Reproduce exactly the lines of this material that begin at the line with "Hello and welcome" and end at the line with "Just inferior to the celiac", both included. Omit the pictures and everything else.
------ DATA EXCERPTS ------
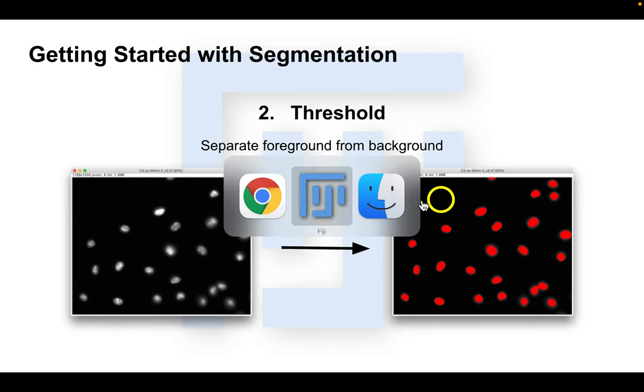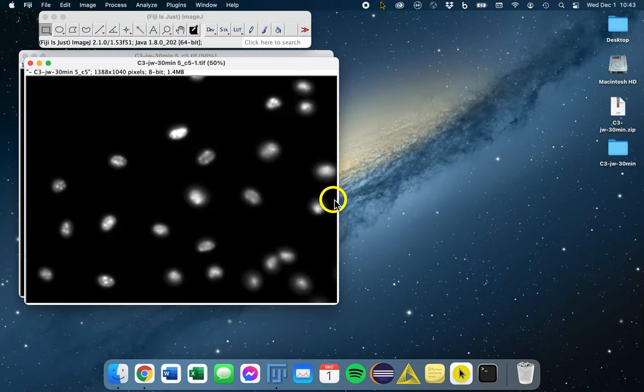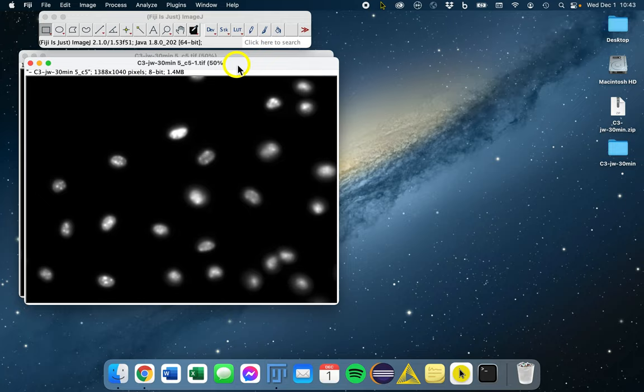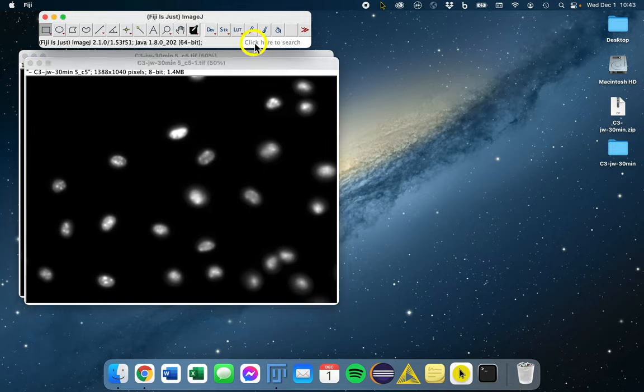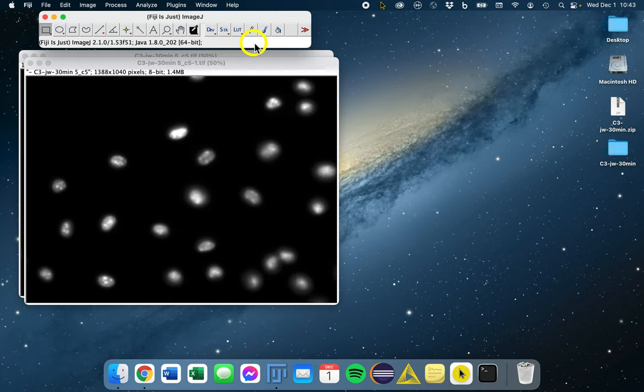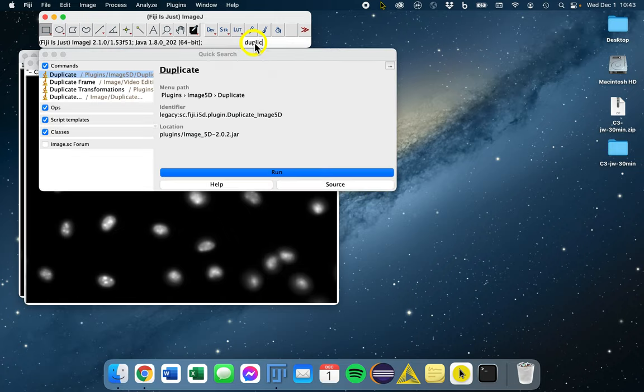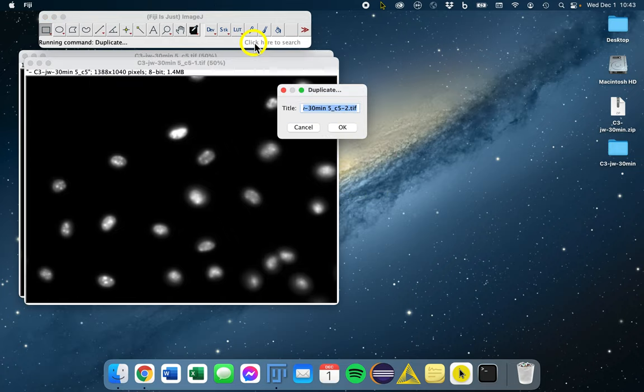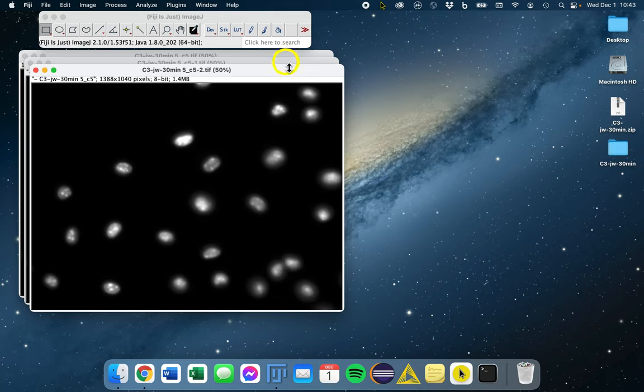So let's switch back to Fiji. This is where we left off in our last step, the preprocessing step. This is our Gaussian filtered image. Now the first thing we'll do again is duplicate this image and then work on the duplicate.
------
------ DATA EXCERPTS ------
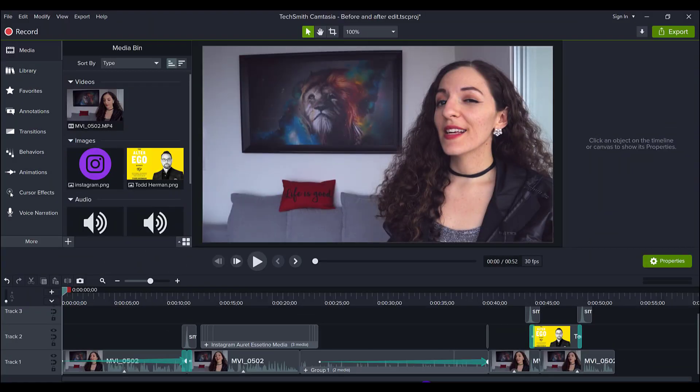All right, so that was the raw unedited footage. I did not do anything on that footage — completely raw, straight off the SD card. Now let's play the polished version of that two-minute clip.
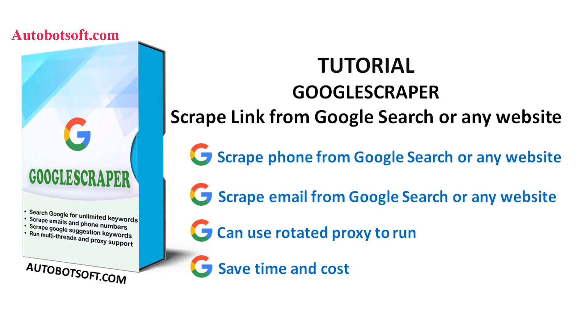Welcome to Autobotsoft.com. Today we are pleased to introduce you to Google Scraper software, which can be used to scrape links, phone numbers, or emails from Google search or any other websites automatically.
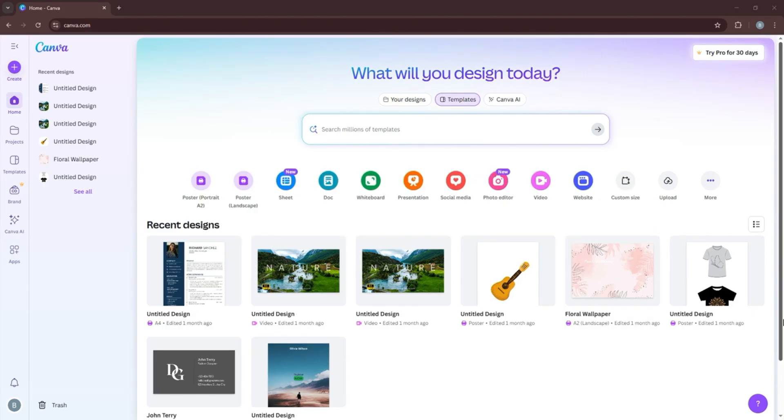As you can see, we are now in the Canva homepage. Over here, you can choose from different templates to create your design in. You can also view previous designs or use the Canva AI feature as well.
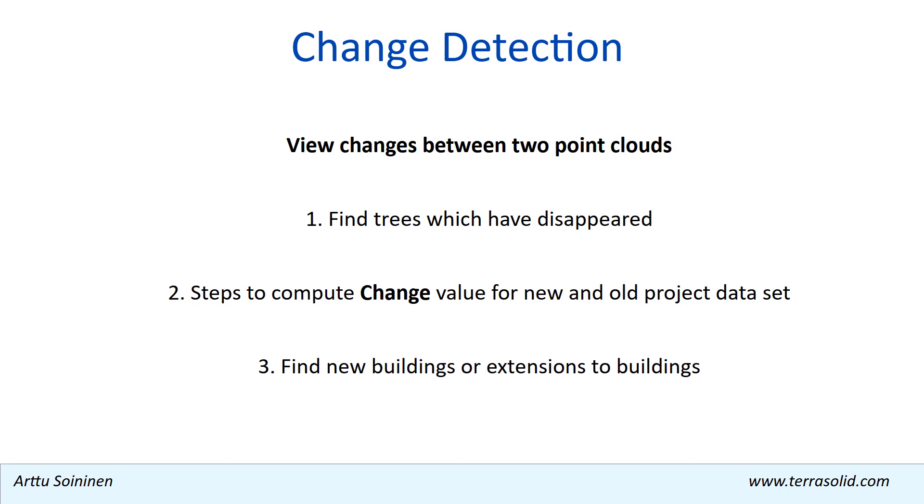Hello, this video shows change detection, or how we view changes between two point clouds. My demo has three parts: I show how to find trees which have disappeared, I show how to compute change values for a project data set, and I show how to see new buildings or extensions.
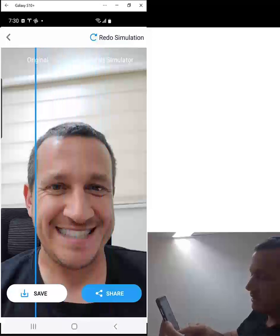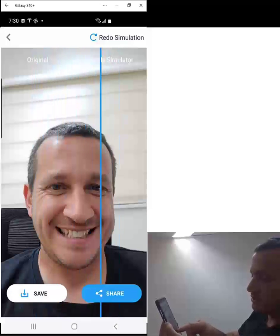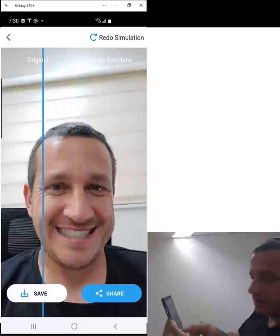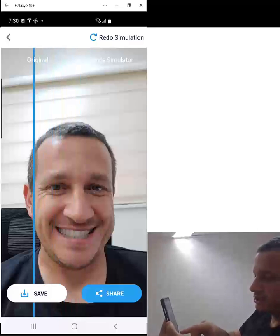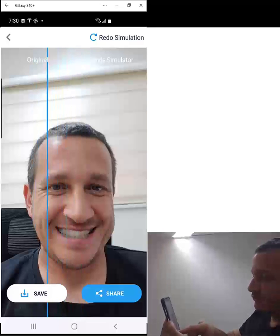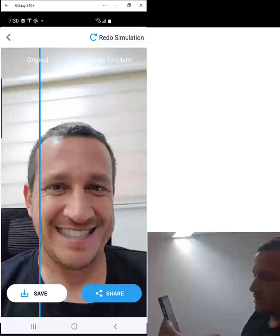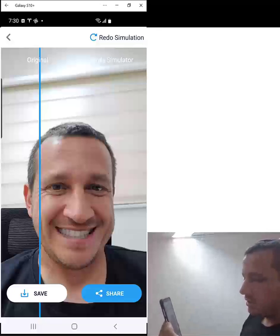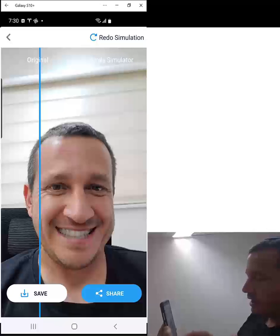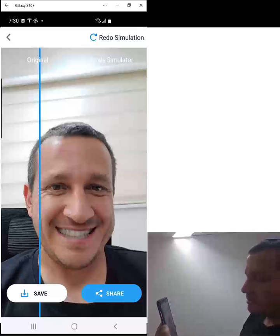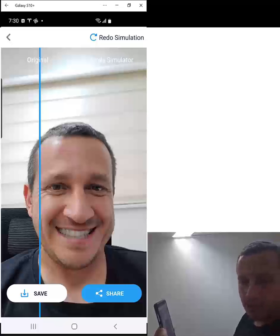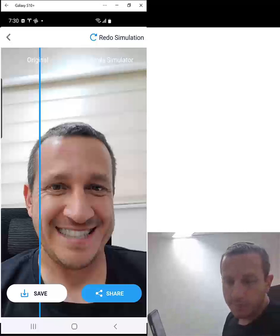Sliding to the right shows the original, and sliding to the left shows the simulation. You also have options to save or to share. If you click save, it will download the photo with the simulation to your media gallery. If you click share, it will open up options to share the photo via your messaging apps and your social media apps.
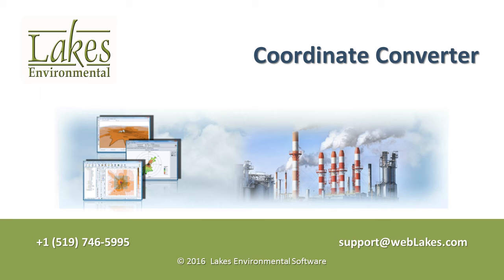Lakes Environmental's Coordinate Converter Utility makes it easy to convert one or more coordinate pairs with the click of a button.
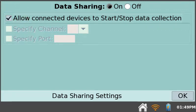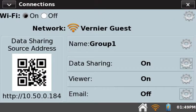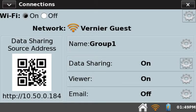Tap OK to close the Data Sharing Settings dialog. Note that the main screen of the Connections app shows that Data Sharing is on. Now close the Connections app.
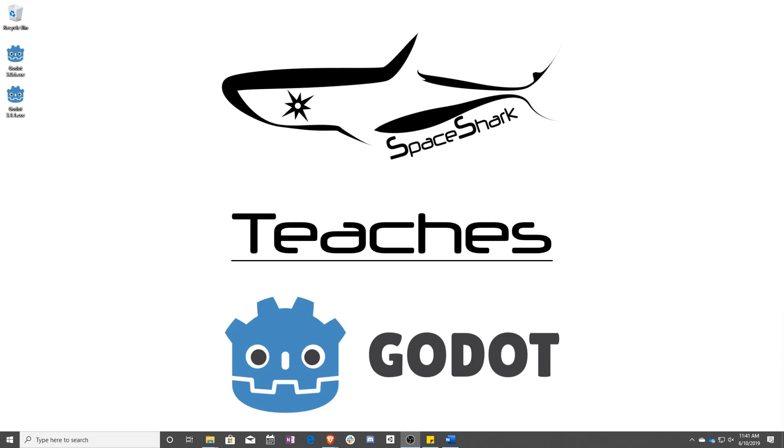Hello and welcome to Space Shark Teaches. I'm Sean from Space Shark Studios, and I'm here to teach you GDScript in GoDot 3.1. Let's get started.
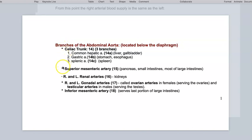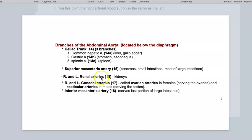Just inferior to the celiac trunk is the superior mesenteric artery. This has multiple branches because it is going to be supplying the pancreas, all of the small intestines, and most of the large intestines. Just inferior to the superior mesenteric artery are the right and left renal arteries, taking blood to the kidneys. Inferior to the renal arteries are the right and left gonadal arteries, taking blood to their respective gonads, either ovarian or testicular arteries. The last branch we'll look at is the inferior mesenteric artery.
------
**RESPONSE**
Hello and welcome to Space Shark Teaches. I'm Sean from Space Shark Studios, and I'm here to teach you GDScript in GoDot 3.1. Let's get started.
Just inferior to the celiac trunk is the superior mesenteric artery. This has multiple branches because it is going to be supplying the pancreas, all of the small intestines, and most of the large intestines. Just inferior to the superior mesenteric artery are the right and left renal arteries, taking blood to the kidneys. Inferior to the renal arteries are the right and left gonadal arteries, taking blood to their respective gonads, either ovarian or testicular arteries. The last branch we'll look at is the inferior mesenteric artery.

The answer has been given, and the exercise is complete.